The primates are normally well fed by tourists in Lopburi, central Thailand, but visitors have plummeted because of the COVID-19 virus which is gripping the world.

The animals were reported to be part of two ‘rival gangs’ made up of the monkeys who dwell in the city and those from the temple areas who were fighting over food.

At first the primates are seen running independently as they appear to look for food.

But then the noise of their cries increases dramatically as dozens chase a single monkey which seems to have a banana.

They are seen jumping on it and others as they fight over the food.

Even locals who are used to seeing the monkeys were shocked by their ferocity.

Onlooker Sasaluk Rattanachai captured the scene from outside a shop where she works.

She said: ‘They looked more like wild dogs than monkeys.
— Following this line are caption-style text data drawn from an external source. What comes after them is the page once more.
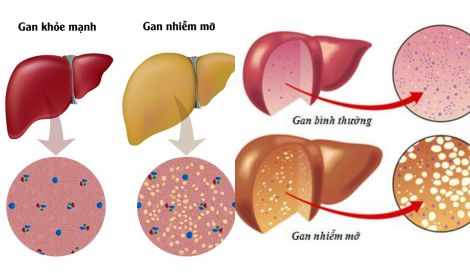 Phương pháp mới điều trị gan nhiễm mỡ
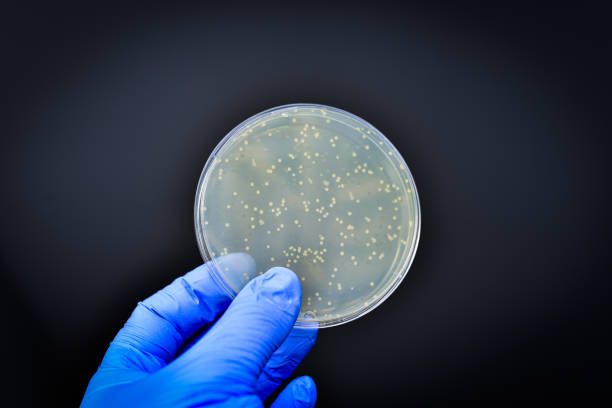 istockphoto-1333117925-612×612 Researcher displaying bacterial culture plate in microbiology food safety laboratory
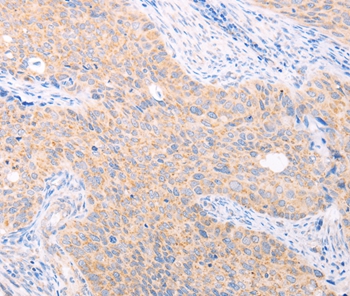 TRIM32 Antibody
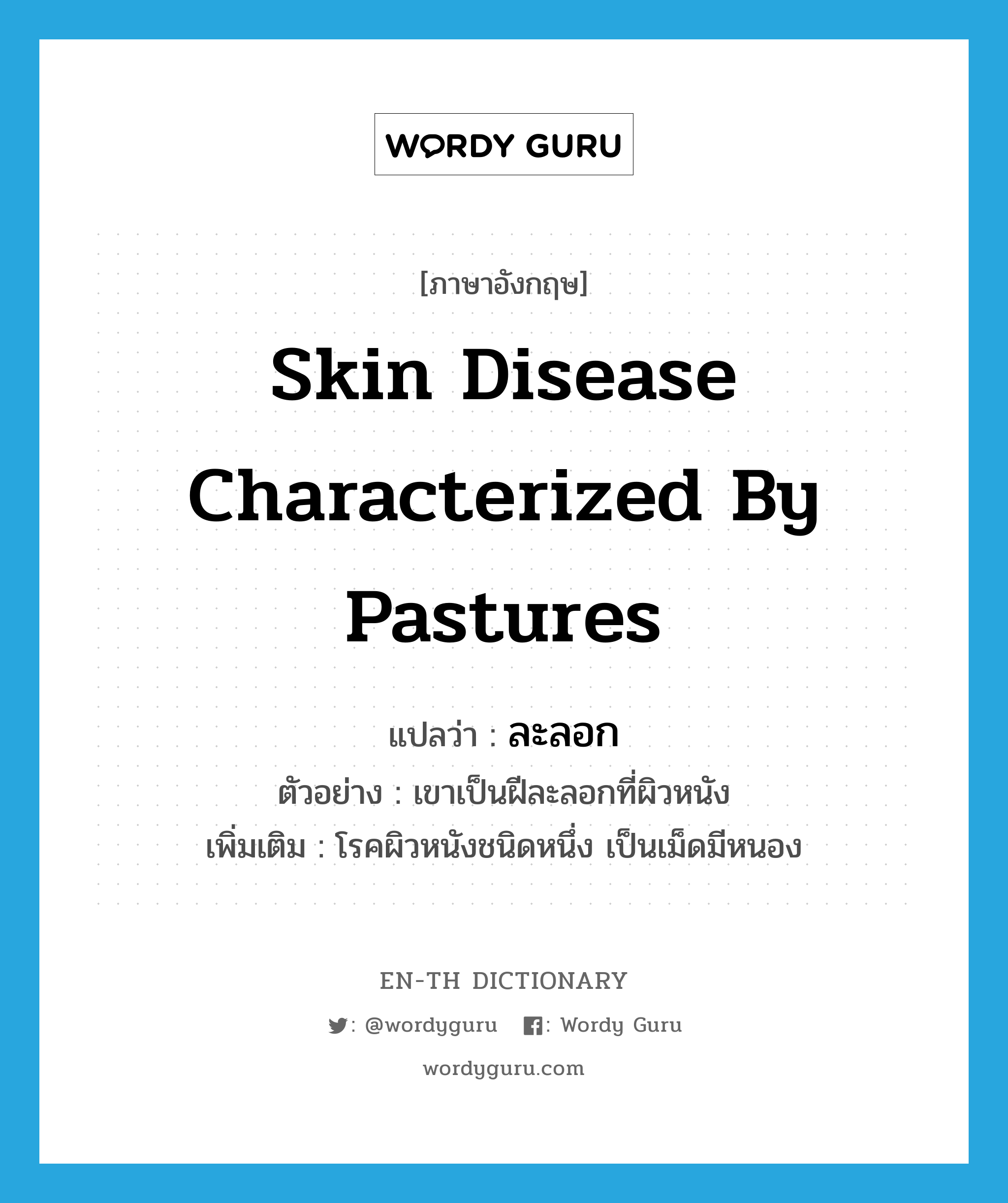 skin disease characterized by pastures แปลว่า?, คำศัพท์ภาษาอังกฤษ skin disease characterized by pastures แปลว่า ละลอก ประเภท N ตัวอย่าง เขาเป็นฝีละลอกที่ผิวหนัง เพิ่มเติม โรคผิวหนังชนิดหนึ่ง เป็นเม็ดมีหนอง หมวด N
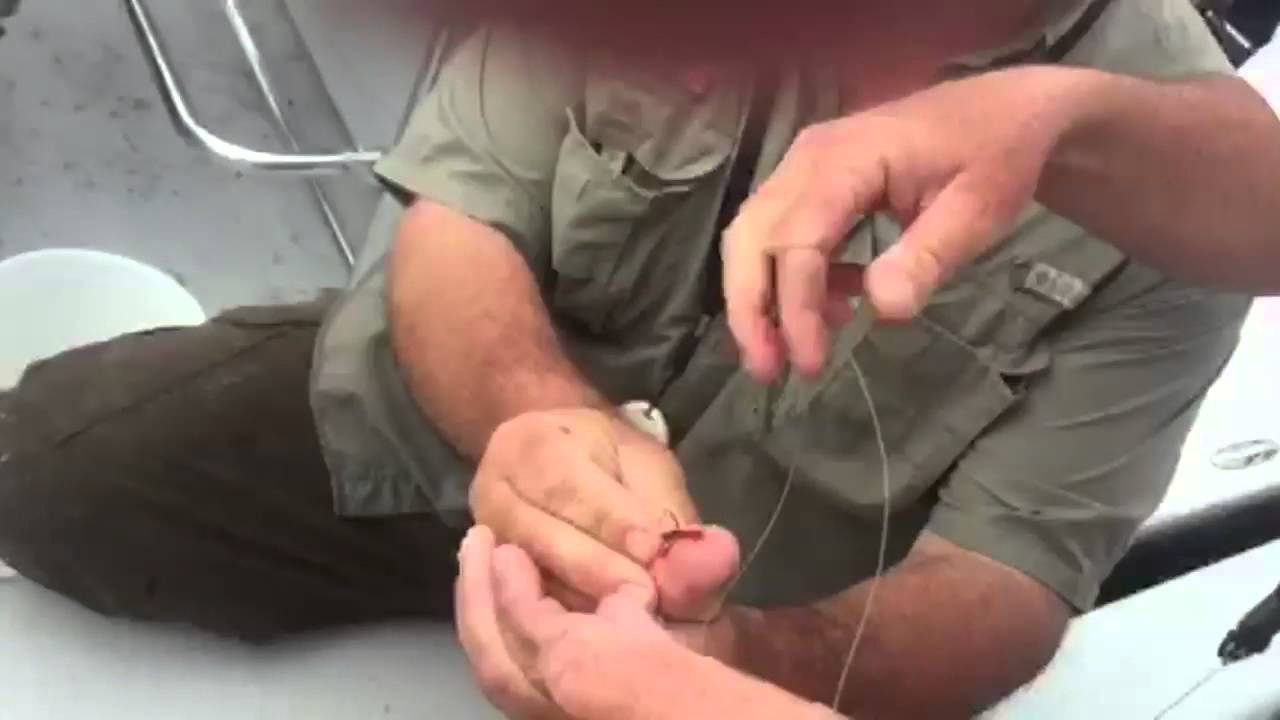 Watch guide use 'string trick' to pull treble hook out of finger 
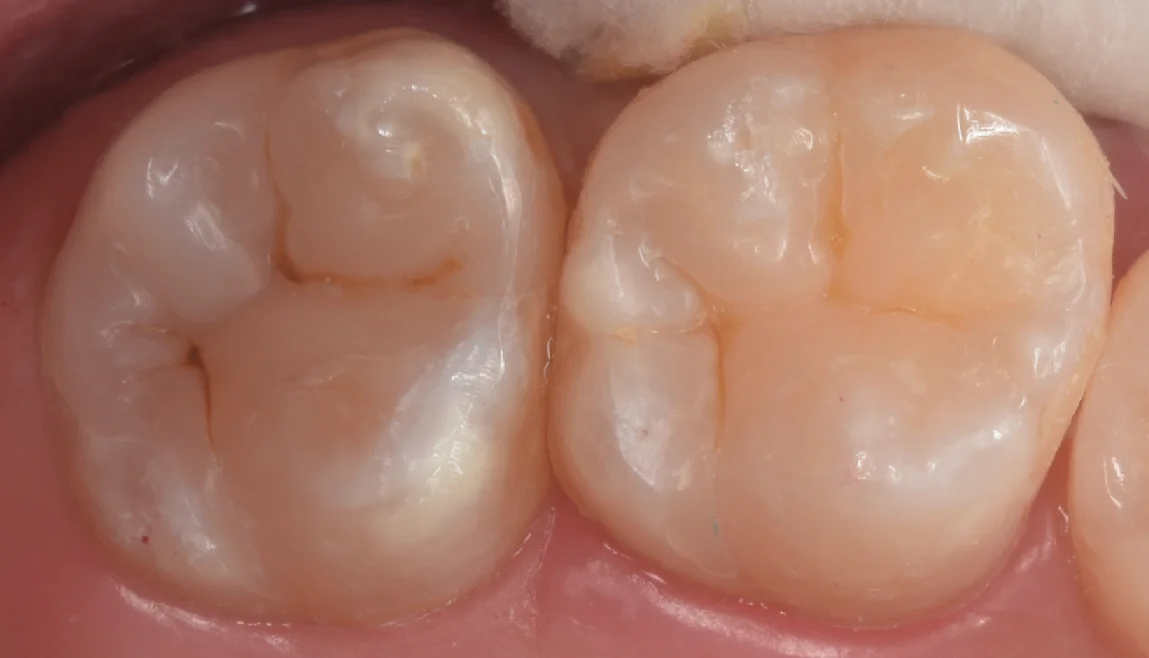 他院で入れたセラミックをダイレクトボンディングに。|坂寄歯科医院(取手市藤代) - 画像4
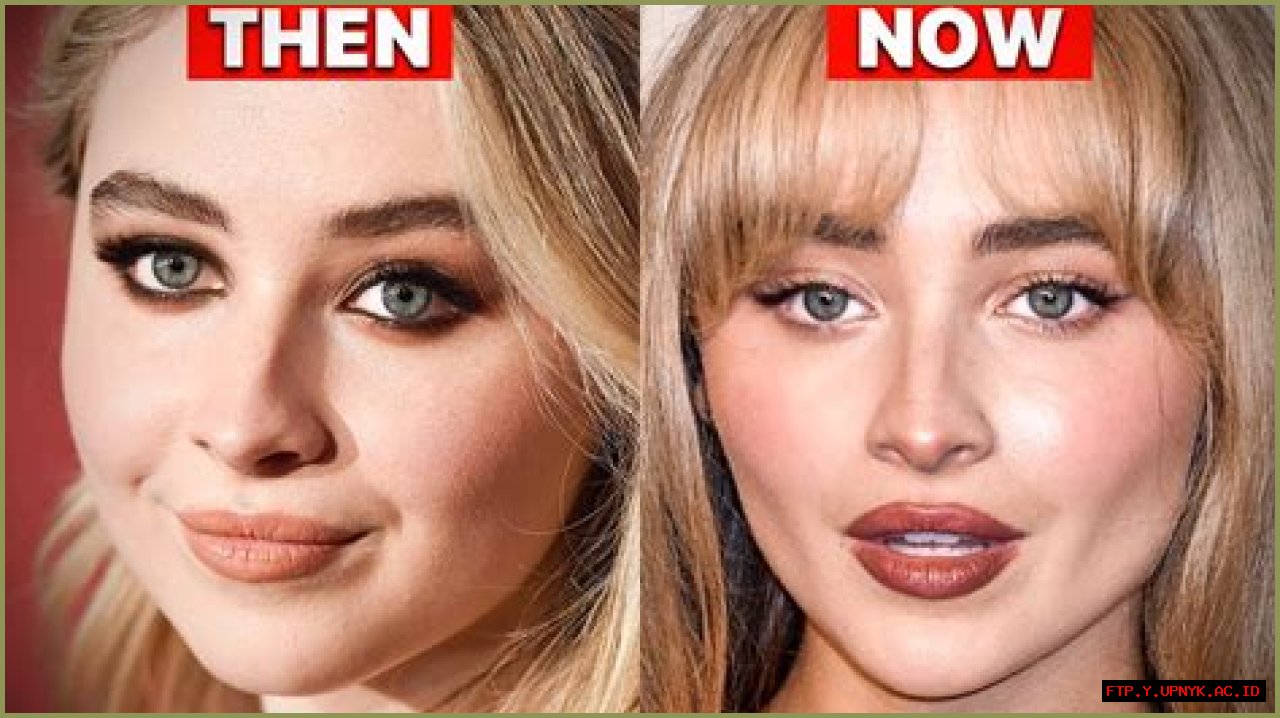 Unveiling The Truth: Savrina Carpenter Surgery And Her Journey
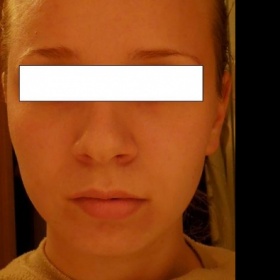 Nemůžu poznat tvar svého obličeje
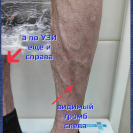 тромбоз глубоких и поверхностных вен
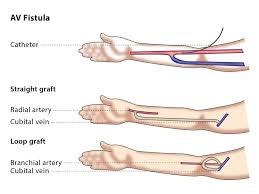 Pin On Vascular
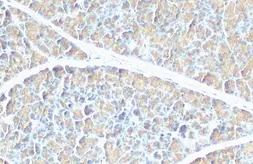Anti-Pancreatic Lipase antibody [HL1310] used in IHC (Paraffin sections) (IHC-P). GTX636728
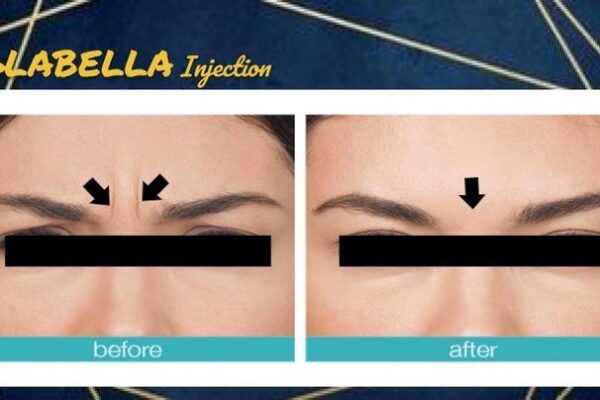 imgi_61_rs=w_719,h_404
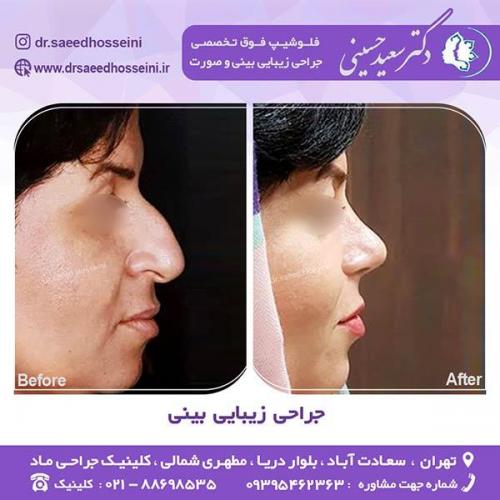 جراحی-زیبایی-بینی-1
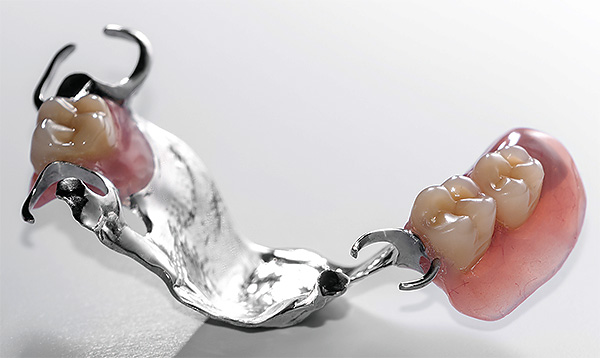 La variante más simple de la prótesis de cierre removible es una estructura que se sujeta a los dientes con ganchos de metal (cierres).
They went crazy for the single piece of food. I’ve never seen them this aggressive.

‘I think the monkeys were very, very hungry. There’s normally a lot of tourists here to feed the monkeys but now there are not as many, because of the coronavirus.’

Lopburi is home to thousands of wild monkeys that roam the streets and buildings. Many live in the grounds of the city’s ancient Buddhist temples.

It is said to be divided between the monkeys which live in the temple areas, and those which live in the city, according to a report in the Bangkok Post.

With their territories divided by a train track, the two groups do not ordinarily meet, but ended up doing so on Wednesday, leading to the fight.

But the hunger experienced by the temple monkeys may have led them into the city in search of food.

And Somchai Unakong, 75, a resident, suggested to Thai news outlet Manager online that the fight might have been down to coronavirus.

He said: ‘Did this relate to the Covid-19 virus that is spreading? I wondered.’

Last month it emerged that the monkeys elsewhere in country were suffering because coronavirus is causing tourist arrivals to plunge by 44 per cent.

Primates living in a public park in Songkhla, southern Thailand, are usually well fed by visiting tourists from Malaysia and China.

Kind locals stepped in to give the monkeys fresh watermelons and tomatoes

There have been 59 cases of the virus in the Thailand, with one death.

However, in nearby China, where the outbreak began, more than 80,000 people have been infected, with more than 3,000 deaths.

And Thailand’s economy is reliant on Chinese tourists.

Tourism accounts for 18 per cent of Thailand’s GDP, with Chinese holidaymakers making up more than a quarter of total arrivals.

The country’s tourism minister previously warned a crisis on the scale of the Sars outbreak could cost an estimated $1.6 billion (£1.2 billion).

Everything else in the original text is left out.